One of the biggest complaints about the proposal is the weight threshold. At a public hearing at Westchester County Airport in New York, National Business Aviation Association (NBAA) president and CEO Ed Bolen said the threshold is unrealistic. “Make no mistake about it: the ‘large aircraft’ security program will apply to some very small aircraft,” Bolen said. “The weight threshold needs to be substantially raised.”

Robert Truckenmiller, director of ops for Weatherstone Air, a Part 91 AgustaWestland AW139 operator, told HAI Convention News that the 12,500-pound threshold is “an arbitrary number. There’s not a lot of damage that we can do that a Cessna 150 can’t do,” he said. “It isn’t near what you can do with a large airliner.”
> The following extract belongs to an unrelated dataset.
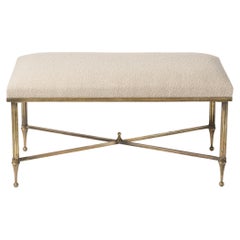 Neo Classical Patinated Brass Bench in the Style of Jansen, France 1960's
Some worry the plan could eventually ensnare even more helicopters, but according to Michal Morgan, the TSA’s general manager of business operations, there are no plans to lower the weight threshold. “Right now, what’s being proposed is for aircraft over 12,500 pounds,” Morgan said. “We’ve asked for specific comments, [and] we’re hoping to have some constructive feedback about the threshold that’s been proposed.” The TSA estimates that approximately 200 rotorcraft will be affected by the proposal.

In addition to questioning the weight threshold, operators also worry that the LASP security proposal will be too intrusive and will disrupt operations. “We think it’s a very oppressive plan that they have,” Truckenmiller said. “We get a lot of last-minute, very short-duration-type trips. If this proposal goes through as they’re trying to outline it, it will make it almost impossible for these last-minute trips to go on.”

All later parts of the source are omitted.